After two weeks of discussion, Thorn sealed the deal by sending a provisional first-round pick to the Blazers along with a $4.9 million trade exception. The pick is lottery protected for at least 2006, but there are a number of additional stipulations -- depending on where it is situated -- before the Nets hand it over. It might be as late as 2010 before Portland actually gets it.
Regardless, the Nets still have the Clippers' unprotected pick for next season, so it's not as though they'll need another youngster, because they are on the verge of building the most talented roster in their franchise's history.
Of more immediate importance to the sign-and-trade deal is that the Nets were able to retain their midlevel exception -- the extra fund capped-out teams can use on free agents -- for targets such as Keyon Dooling, who told the Nets that New Jersey is his first choice during his visit yesterday.
Abdur-Rahim, for one, knows exactly why Dooling feels that way.
"I chose New Jersey because of the things I want to accomplish in the second half of my career," said Abdur-Rahim, 28, who has never been in a playoff game in his nine seasons. "I know what people say about (the hole in his résumé), but it is what it is. We all have challenges, and when I get to New Jersey, that will put a rest to it.
"I have a great opportunity to win there, and that's what it's about -- getting a chance to compete for the championship.

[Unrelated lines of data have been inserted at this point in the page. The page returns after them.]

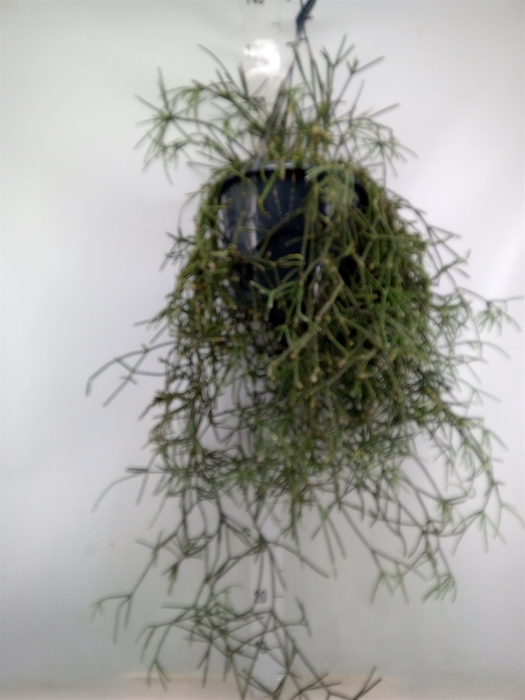 <h4>Rhipsalis pilocarpa</h4>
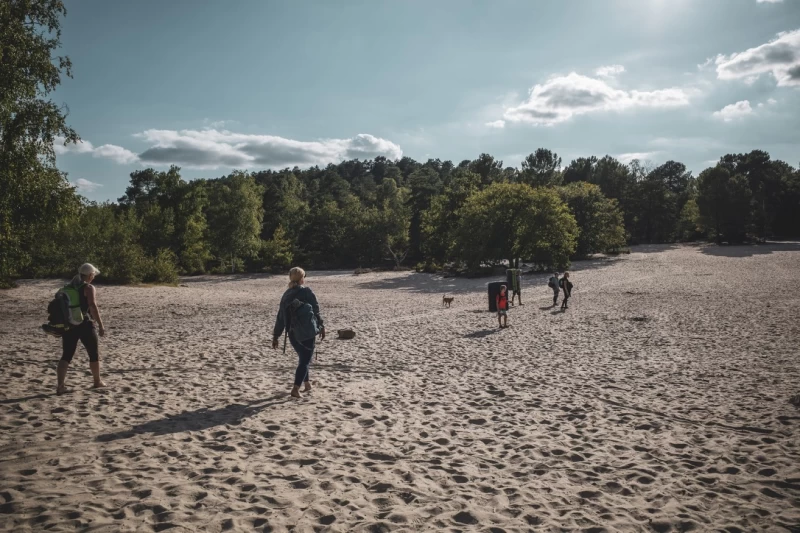 Boulderurlaub in Fontainebleau: Erlebe das Boulderparadies hautnah!
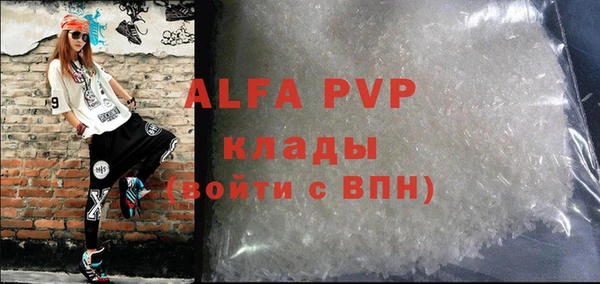 apvp Гусиноозёрск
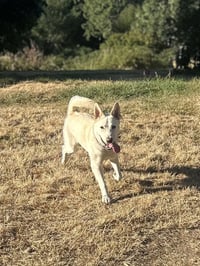 Sienna - Photo 6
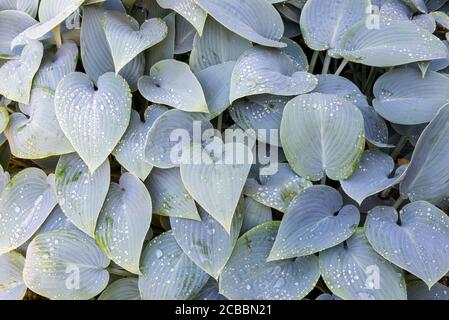 Überkopffoto der Masse der grauen Blätter von Hosta 'Halcyon' (Kochelilie), bedeckt mit Regentropfen. Stockfoto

I'm not taking anything away from the other teams pursuing me, but New Jersey presents the best opportunity."
The Nets now have a unique opportunity to have a slam-dunk summer if they get Dooling at their price.
A report that the Orlando Magic offered Dooling $9 million over three years was denied almost immediately by GM Otis Smith, who told the Orlando Sentinel the team had not made any offers to the 6-3 veteran swing guard.
Thorn wasn't sure. "We had a good meeting with Keyon, and we'll see what transpires from there," the Nets president said. "He allegedly had a huge offer from one team, so we'll have to see where it's going."
If the Nets cannot land Dooling, they will take their business elsewhere. At the top of their contingency list is Milt Palacio, the well-traveled point guard who has played for five teams in six seasons, but coming off his best year in Toronto (5.8 points and 3.5 assists in only 19.2 minutes per game). Their third choice? Juan Dixon has been discussed, but he'll be more pricey.
But even with a power rotation that will include Abdur-Rahim, Nenad Krstic, Jason Collins and Clifford Robinson, the Nets know they have to go shopping for more toughness. So if Dooling can be signed for part of their midlevel exception, the other part can be used on a big man such as Tractor Traylor. Other wide bodies (Reggie Evans, Vitaly Potapenko) have been discussed, but the Nets are only starting to learn what their contract demands will be.